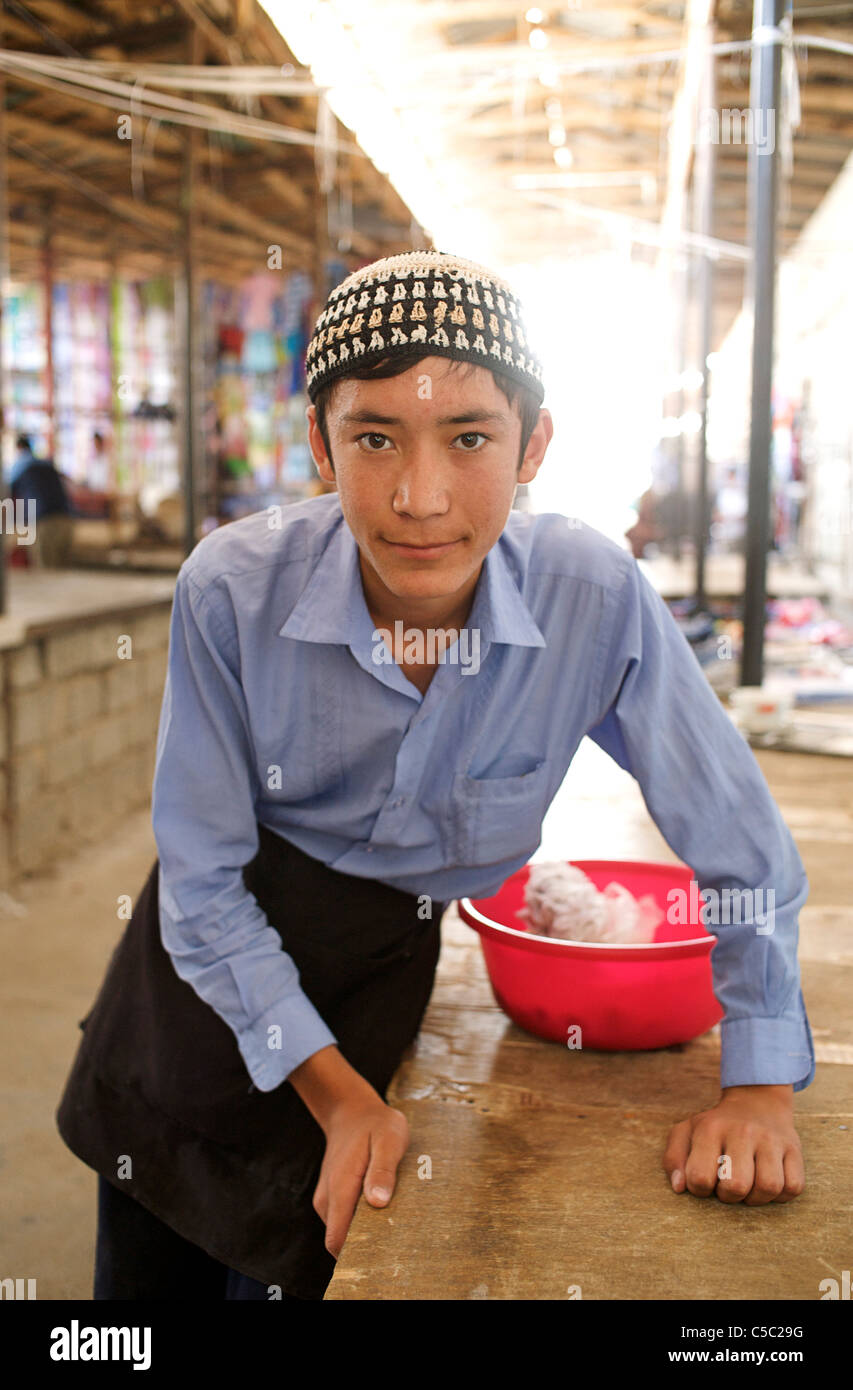 Il ragazzo uzbeko al mercato Urgut, Samarcanda, Uzbekistan Foto Stock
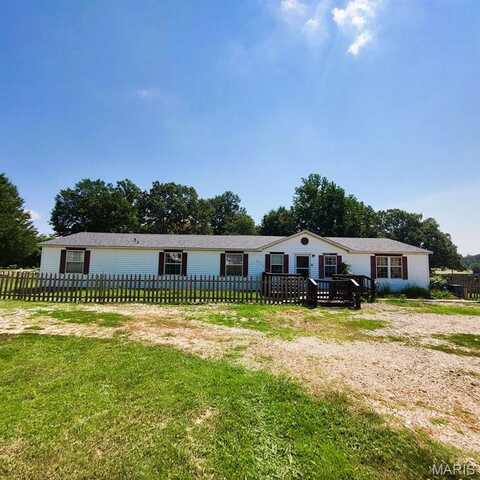 136 Shadow Rock Lake Road, Poplar Bluff, MO 63901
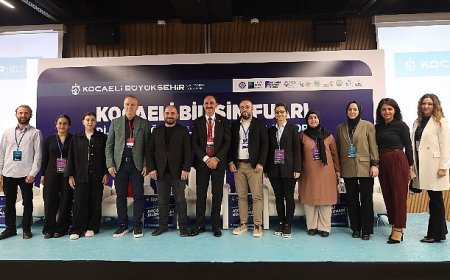 Bilişim Fuarı’nda geleceğin teknolojileri konuşuldu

#### Instructions for the task:
Could you give again precisely the lines from the one containing "136 Shadow Rock" through the final line of the material above, both included, and no others, dropping the pictures?

#### Answer section:
 136 Shadow Rock Lake Road, Poplar Bluff, MO 63901
 Bilişim Fuarı’nda geleceğin teknolojileri konuşuldu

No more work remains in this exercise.